Stranamente in questa classifica non troveremmo gruppi come Hamas ed Hezbollah, forse perché non minacciano l’occidente ma solo Israele. Ma soprattutto non troveremmo i regimi islamici, quelli che per intenderci sono “Stati” ovvero “nazioni islamiche” che secondo moltissimi analisti (sempre quelli bravi) essendo appunto Stati e quindi soggetti alle leggi internazionali, non rappresentano un pericolo né immediato né nel medio-lungo periodo.

Anzi, con una certa sorpresa potremmo scoprire che molti regimi islamici (quali l’Iran) vengono addirittura etichettati come “nemici del terrorismo islamico”. In occasione dell’uccisione del Generale iraniano Qassem Soleimani non sono stati pochi gli analisti che hanno scritto che gli USA avevano ucciso colui che aveva sconfitto ISIS (enorme menzogna) e che combatteva il terrorismo di matrice islamica.

È un po’ paradossale, persino un ossimoro, che si consideri colui che ha rafforzato incredibilmente Hezbollah e che ha creato una infinità di gruppi terroristici in tutto il Medio Oriente per nome e per conto di un regime nazi-islamico come quello di Teheran, alla stregua di una paladino della lotta all’islam integralista. Eppure è così e francamente non ce lo spieghiamo.

Come è paradossale che nessuno degli “analisti di spessore” non veda la parabola che sta facendo la Turchia di Erdogan verso l’estremismo islamico vicino a ISIS e ad Al Qeda, una parabola che sta portando la Turchia addirittura a sostituire i due gruppi terroristici sia materialmente sul terreno che nei cuori degli estremisti islamici.

Invece il rischio turco è enorme, in prospettiva più grande di quello rappresentato dall’Iran.

Prima di tutto Erdogan, a differenza degli Ayatollah, ha un enorme seguito interno.

Mentre il regime iraniano viene contestato sia dall’interno che dall’esterno (vedi le manifestazioni in Iraq e in Libano), quello turco gode di un grande appoggio interno.
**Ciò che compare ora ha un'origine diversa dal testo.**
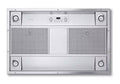 VIKING  42" Built-In Custom Ventilator for Island Hood - DICV (42" wide, 12" high, 23" deep) -  (DICV4232)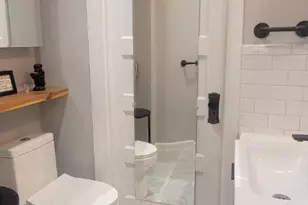 1741 Kilbourne Pl NW, Washington, DC 20010 - Photo 77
I turchi sono con Erdogan e sognano il ritorno dell’impero ottomano.

L’unica carta che hanno gli iraniani è quella del nucleare e dell’uso indiscriminato dei suoi proxy terroristici, per il resto non hanno un esercito competitivo, una marina o una aviazione in grado di preoccupare chicchessia.
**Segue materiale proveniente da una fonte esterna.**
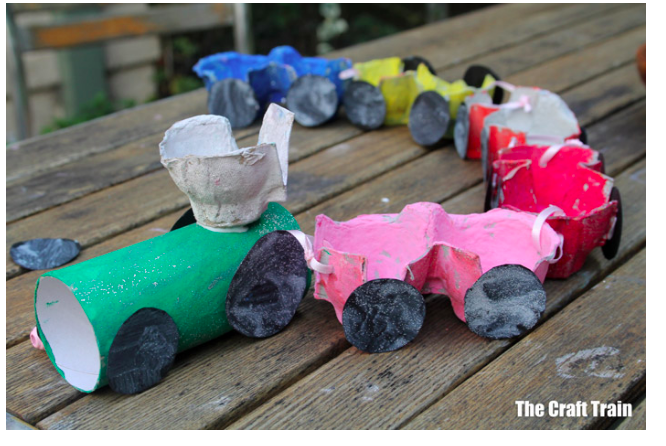 cc--Egg-Carton-Train--thecrafttrain.com.png cc--Egg-Carton-Train--thecrafttrain.com.png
Al contrario la Turchia ha un esercito formidabile, una aviazione e una marina che grazie alla appartenenza al Patto Atlantico possono godere di tutte (o quasi) le ultime innovazioni tecnologiche in campo militare.
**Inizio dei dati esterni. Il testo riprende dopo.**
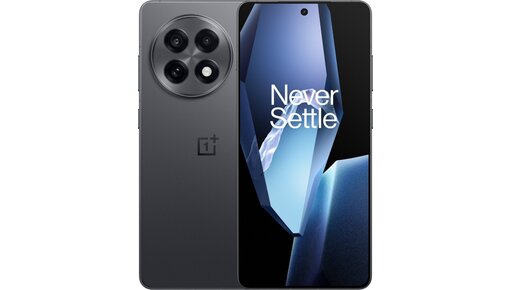 OnePlus 13 Series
Mentre gli Ayatollah sono unicamente concentrati sulla guerra a Israele, Erdogan ha messo in piedi una politica espansiva molto più complessa che coinvolge non solo il Medio Oriente ma anche l’Africa e l’Europa e non è concentrata unicamente sul fattore militare ma anche su quello meramente politico-religioso. L’inganno della Fratellanza Musulmana portato ai massimi livelli.

E se qualcuno, specie tra i filo-israeliani, pensasse che il pericolo per Israele sia rappresentato solo dall’Iran si sbaglia di grosso. Mentre gli Ayatollah lavorano praticamente apertamente contro Israele, Erdogan lavora più subdolamente, lavora “ai fianchi”.

Ieri ISIS ha annunciato “una nuova fase” dove l’obiettivo principale sarà lo Stato Ebraico. Pensate che sia un caso? Pensate che sia un caso che il nuovo capo di ISIS sia un turkmeno con molti agganci in Turchia?

Nelle prossime settimane avremo modo di vedere come si muoverà la Turchia su due grandi ed importantissimi temi che riguardano molto da vicino Israele: l’accordo di pace americano per il Medio Oriente e, soprattutto, lo sfruttamento dei giacimenti di gas nel Mediterraneo, compreso il progetto di costruire un gasdotto che porti il gas israeliano direttamente in Europa.

Sarà quello il banco di prova che dimostrerà agli “analisti bravi” tutta la pericolosità di Erdogan e del suo piano sul califfato ottomano. E speriamo che qualcuno apra finalmente gli occhi.